3. Sıkı Para Politikası 2026 Yılında da Sürecek
Programın enflasyon ve büyüme hedefleri dikkate alındığında, sıkı para ve maliye politikasının 2026 yılı boyunca devam edeceği anlaşılmaktadır. Özellikle yüzde 16 enflasyon hedefine ulaşabilmek için para politikasında kademeli ve temkinli bir gevşeme öngörülmektedir. Bu da TCMB politika faizi ve piyasa faizlerinde daha yavaş bir gerileme ihtimalini artırmaktadır. Dezenflasyon sürecinin desteklenmesi için gıda fiyatları, hizmetler, kiralar ile eğitim ve sağlık alanlarında yapısal iyileştirmelere ihtiyaç duyulmaktadır.
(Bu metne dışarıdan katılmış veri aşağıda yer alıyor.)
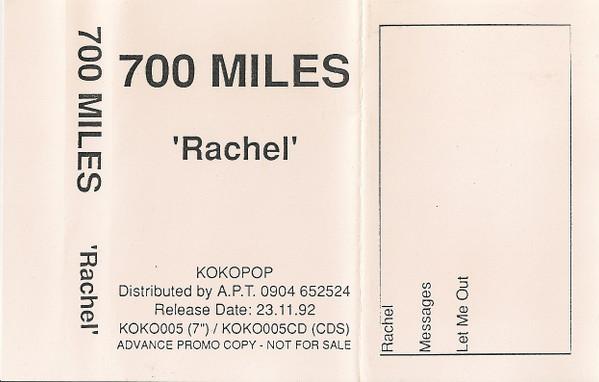 700 Miles - Rachel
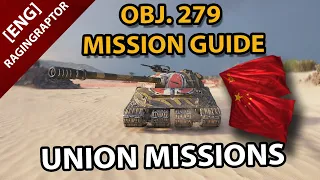 Object 279 Union Mission Guide - Tips and Tricks
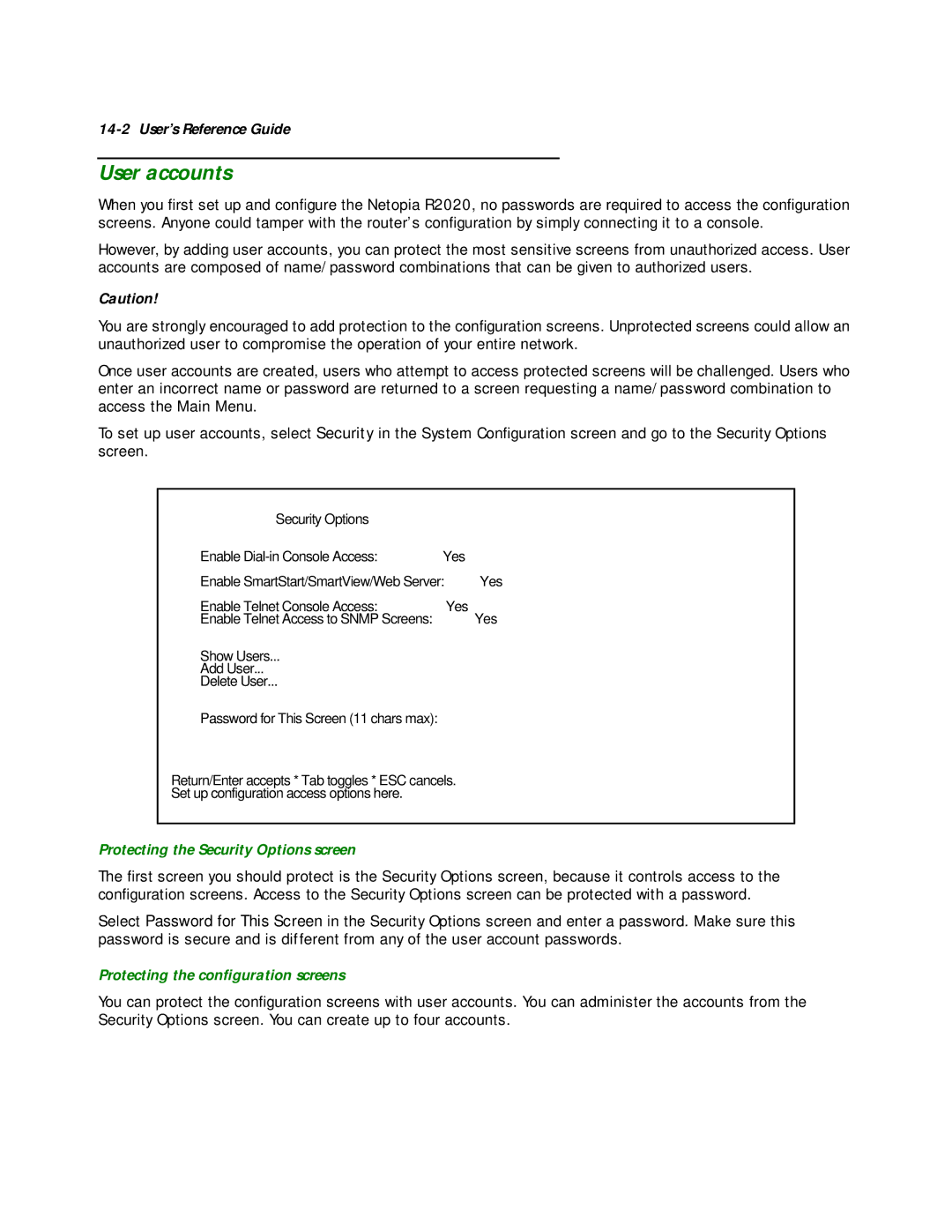 Netopia R2020 manual User accounts, Protecting the Security Options screen, Protecting the conﬁguration screens 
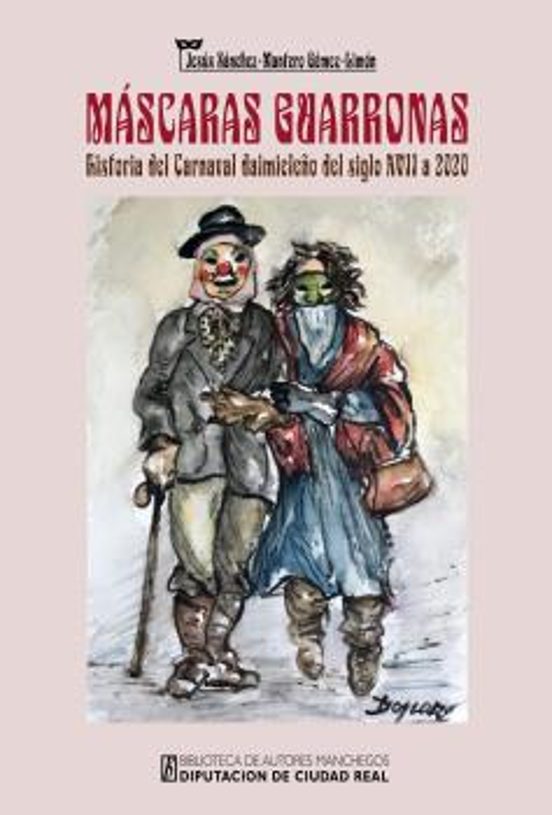 Máscaras Guarronas. Historia Del Carnaval Daimieleño Del Siglo Xv Ii A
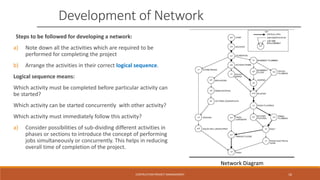 Development of Network
Steps to be followed for developing a network:
a) Note down all the activities which are required to be
performed for completing the project
b) Arrange the activities in their correct logical sequence.
Logical sequence means:
Which activity must be completed before particular activity can
be started?
Which activity can be started concurrently with other activity?
Which activity must immediately follow this activity?
a) Consider possibilities of sub-dividing different activities in
phases or sections to introduce the concept of performing
jobs simultaneously or concurrently. This helps in reducing
overall time of completion of the project.
Network Diagram
CONTRUCTION PROJECT MANAGEMENT 16
 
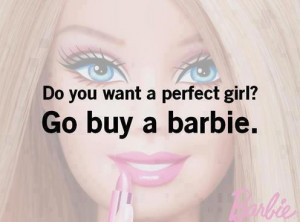 Want a perfect girl? Go buy a barbie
4. Türk Lirası Reel Olarak Değerlenmeye Devam Edecek
Türk lirasının reel olarak değerlenmesi, dezenflasyon sürecinde önemli bir politika aracı olmaya devam edecektir. Programda 2025 yılı için ortalama dolar/TL kurunda yüzde 21, 2026 yılı için ise yüzde 17,6 artış varsayılmıştır. Buna göre dolar/TL kuru 2025 yıl sonunda 43,6; 2026 yıl sonunda ise 49,6 seviyesinde öngörülmektedir. Bu hesaplamalar, yıllık enflasyon oranları dikkate alındığında TL’nin reel olarak değer kazanacağını göstermektedir.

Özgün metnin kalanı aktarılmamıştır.